Retype, word for word, every line of the records below starting at the one that contains "Hotel Garni Zum" and ending at the one that contains "Sony Hi-Res WH-1000XM4, silbergrau"; include both of those lines and nothing more.

• **Exercise input**:
◇ ◇ ◇ ◇ ◇

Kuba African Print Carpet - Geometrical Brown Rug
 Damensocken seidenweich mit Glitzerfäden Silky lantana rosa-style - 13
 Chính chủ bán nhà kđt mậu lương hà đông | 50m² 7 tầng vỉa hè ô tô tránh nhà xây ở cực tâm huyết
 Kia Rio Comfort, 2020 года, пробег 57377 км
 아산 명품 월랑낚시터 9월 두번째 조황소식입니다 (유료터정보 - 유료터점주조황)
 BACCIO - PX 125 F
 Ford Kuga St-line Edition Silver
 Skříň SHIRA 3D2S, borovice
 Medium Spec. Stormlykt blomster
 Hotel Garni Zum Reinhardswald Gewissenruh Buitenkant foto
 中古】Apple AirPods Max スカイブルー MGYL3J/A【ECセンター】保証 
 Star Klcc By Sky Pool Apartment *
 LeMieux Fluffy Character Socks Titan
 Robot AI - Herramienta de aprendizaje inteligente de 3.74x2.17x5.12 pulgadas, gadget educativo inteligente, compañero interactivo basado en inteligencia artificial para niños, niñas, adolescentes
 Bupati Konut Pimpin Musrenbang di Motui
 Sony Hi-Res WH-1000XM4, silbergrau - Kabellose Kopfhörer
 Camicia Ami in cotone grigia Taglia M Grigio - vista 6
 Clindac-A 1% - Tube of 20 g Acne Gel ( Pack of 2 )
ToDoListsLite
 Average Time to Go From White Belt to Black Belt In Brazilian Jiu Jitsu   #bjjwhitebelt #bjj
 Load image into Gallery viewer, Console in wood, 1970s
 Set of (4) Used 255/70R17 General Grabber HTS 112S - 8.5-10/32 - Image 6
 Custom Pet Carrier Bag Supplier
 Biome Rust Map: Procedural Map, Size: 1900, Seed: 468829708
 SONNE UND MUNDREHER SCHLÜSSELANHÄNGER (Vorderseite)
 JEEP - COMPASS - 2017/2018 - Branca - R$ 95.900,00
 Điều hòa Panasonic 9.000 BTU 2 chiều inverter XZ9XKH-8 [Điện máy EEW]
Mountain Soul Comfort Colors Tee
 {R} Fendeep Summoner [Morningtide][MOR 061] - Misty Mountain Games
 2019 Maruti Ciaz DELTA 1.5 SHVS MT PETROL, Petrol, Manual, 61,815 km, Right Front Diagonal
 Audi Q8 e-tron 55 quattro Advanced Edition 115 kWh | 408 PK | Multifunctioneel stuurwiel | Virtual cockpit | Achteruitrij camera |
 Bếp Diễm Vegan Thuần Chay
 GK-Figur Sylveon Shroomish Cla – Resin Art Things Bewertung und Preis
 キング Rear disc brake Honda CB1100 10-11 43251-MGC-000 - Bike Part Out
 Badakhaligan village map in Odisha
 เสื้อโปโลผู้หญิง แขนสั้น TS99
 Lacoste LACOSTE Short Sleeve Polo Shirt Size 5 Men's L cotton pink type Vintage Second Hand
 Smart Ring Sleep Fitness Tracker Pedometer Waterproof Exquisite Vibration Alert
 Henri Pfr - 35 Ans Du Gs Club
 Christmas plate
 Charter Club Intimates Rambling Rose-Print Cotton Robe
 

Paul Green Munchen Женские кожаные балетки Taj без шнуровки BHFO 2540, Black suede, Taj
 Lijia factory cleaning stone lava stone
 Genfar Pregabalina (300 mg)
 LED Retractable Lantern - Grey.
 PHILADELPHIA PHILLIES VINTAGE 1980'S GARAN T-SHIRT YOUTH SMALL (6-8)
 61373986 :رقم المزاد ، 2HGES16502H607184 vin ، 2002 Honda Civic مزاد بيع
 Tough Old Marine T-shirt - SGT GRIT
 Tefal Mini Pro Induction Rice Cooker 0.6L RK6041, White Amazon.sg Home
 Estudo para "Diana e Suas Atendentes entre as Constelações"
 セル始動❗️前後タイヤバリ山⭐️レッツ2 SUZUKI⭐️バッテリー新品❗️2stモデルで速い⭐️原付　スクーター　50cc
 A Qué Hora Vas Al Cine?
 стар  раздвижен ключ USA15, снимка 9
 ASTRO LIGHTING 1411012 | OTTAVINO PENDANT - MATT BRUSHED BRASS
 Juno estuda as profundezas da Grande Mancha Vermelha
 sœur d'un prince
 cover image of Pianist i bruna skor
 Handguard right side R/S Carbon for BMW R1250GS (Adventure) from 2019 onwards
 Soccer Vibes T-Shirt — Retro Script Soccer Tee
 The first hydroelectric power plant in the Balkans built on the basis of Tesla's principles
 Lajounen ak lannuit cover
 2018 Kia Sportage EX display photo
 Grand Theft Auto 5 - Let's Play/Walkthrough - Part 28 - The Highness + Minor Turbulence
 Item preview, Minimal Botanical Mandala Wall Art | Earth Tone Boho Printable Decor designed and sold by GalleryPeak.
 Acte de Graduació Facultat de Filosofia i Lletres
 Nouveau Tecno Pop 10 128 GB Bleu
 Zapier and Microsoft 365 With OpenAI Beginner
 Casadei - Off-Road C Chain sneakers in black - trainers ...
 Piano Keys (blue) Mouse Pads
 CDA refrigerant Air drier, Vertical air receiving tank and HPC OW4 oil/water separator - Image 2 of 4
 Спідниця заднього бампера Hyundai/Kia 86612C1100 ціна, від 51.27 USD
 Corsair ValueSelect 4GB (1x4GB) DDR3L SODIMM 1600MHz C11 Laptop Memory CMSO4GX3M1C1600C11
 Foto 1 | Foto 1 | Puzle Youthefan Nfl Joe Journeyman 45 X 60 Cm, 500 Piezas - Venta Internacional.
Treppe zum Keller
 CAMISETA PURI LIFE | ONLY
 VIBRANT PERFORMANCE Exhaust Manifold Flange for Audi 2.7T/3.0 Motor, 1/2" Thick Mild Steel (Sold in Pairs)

◇ ◇ ◇ ◇ ◇

• **Task response**:
 Hotel Garni Zum Reinhardswald Gewissenruh Buitenkant foto
 中古】Apple AirPods Max スカイブルー MGYL3J/A【ECセンター】保証 
 Star Klcc By Sky Pool Apartment *
 LeMieux Fluffy Character Socks Titan
 Robot AI - Herramienta de aprendizaje inteligente de 3.74x2.17x5.12 pulgadas, gadget educativo inteligente, compañero interactivo basado en inteligencia artificial para niños, niñas, adolescentes
 Bupati Konut Pimpin Musrenbang di Motui
 Sony Hi-Res WH-1000XM4, silbergrau - Kabellose Kopfhörer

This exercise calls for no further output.